Frustration with public transport often arises right at the stop. But a solution would be simple and not even technically complex.

Studies show that it's often not even the waiting time at stops that particularly annoys customers.

Studies show that it’s often not even the waiting time at stops that particularly annoys customers.
picture alliance/dpa | Philip Dulian

Winter is not a good time for public transport. The problem is not just the weather, but also the lack of information about the whereabouts of the means of transport in many transport associations. If you’re lucky, there will be an indicator at the stops telling you when the next bus is coming. But real-time information in an app is still a rarity. A position display would be important, especially in winter. Because who wants to freeze at the bus stop for a quarter of an hour?

Unfortunately, this is everyday life in local public transport. And this is exactly where digitalization should work. If someone is waiting in annoyance, has appointments or needs to reach connections, such information is not a convenience, but rather a reason not to use public transport.
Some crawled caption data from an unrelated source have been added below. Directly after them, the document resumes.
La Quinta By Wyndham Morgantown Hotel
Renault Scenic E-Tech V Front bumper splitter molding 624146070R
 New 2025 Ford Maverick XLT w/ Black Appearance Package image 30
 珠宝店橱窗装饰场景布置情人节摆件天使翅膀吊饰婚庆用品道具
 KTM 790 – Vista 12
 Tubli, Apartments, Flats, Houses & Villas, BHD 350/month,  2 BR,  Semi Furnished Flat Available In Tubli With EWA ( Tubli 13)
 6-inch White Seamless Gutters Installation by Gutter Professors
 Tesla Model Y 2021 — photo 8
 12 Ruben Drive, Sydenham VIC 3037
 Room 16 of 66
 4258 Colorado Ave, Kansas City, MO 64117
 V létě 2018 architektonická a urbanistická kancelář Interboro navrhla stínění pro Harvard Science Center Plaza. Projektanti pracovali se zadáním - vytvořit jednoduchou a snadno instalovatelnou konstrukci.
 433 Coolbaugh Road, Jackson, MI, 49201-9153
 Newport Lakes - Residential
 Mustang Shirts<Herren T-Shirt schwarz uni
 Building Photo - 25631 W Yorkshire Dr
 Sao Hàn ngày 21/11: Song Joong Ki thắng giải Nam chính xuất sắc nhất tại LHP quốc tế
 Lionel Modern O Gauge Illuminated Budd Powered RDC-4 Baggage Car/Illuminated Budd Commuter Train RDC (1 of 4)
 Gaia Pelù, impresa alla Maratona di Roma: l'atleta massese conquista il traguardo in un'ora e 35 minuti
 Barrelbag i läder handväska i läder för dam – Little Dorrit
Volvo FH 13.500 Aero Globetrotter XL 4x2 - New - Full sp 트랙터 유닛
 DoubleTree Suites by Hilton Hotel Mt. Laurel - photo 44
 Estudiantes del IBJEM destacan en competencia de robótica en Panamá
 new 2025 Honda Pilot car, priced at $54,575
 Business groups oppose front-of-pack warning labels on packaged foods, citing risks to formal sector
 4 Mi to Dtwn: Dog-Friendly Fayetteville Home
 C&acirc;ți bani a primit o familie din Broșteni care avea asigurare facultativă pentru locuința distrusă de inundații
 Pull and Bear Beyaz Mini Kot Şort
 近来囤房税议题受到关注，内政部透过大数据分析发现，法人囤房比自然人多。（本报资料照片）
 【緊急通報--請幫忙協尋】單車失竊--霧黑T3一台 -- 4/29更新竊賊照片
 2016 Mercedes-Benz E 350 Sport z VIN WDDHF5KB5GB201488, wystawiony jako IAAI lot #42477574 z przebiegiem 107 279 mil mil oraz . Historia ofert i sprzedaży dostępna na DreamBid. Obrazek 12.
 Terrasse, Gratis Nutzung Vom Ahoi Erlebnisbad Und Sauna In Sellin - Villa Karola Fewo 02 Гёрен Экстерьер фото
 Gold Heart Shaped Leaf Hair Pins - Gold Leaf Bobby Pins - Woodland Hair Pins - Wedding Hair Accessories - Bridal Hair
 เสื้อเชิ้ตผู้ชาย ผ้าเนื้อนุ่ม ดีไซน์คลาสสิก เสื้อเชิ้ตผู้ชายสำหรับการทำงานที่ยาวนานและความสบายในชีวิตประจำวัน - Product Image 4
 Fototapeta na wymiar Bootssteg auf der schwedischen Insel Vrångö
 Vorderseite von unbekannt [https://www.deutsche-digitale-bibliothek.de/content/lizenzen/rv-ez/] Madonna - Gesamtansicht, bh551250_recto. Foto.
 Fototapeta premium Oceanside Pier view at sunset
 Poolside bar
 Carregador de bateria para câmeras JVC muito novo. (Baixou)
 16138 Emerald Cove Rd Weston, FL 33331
There is no shortage of data

Real time in public transport is not a future issue. In Berlin and Brandenburg, buses and trains can often be tracked quite precisely. This year this will also be possible via an app. Other cities and associations also provide usable live data to their apps or to third-party services. Anyone who is there will at least know whether the wait is still worth it. So the problem is not the technology. The problem is that it doesn’t come naturally.

The reasons for the shortage are varied. There are hundreds of providers, all of which have different operators, control centers, IT systems and contracts with service providers. Every bus knows where it is, every control center sees its position exactly. But this knowledge often does not reach where it is needed: with the passenger.

And then the responsibilities: The operator collects data. The association operates the app. The federal government is building comprehensive platforms. The countries formulate rules. In the end, as is often the case, there is a mishmash of specifications and responsibilities. And who will cover the costs is another question.

But real-time information definitely determines whether the population perceives local transport to be reliable or unreliable. But this is exactly where it decides whether digitalization creates trust – or frustration.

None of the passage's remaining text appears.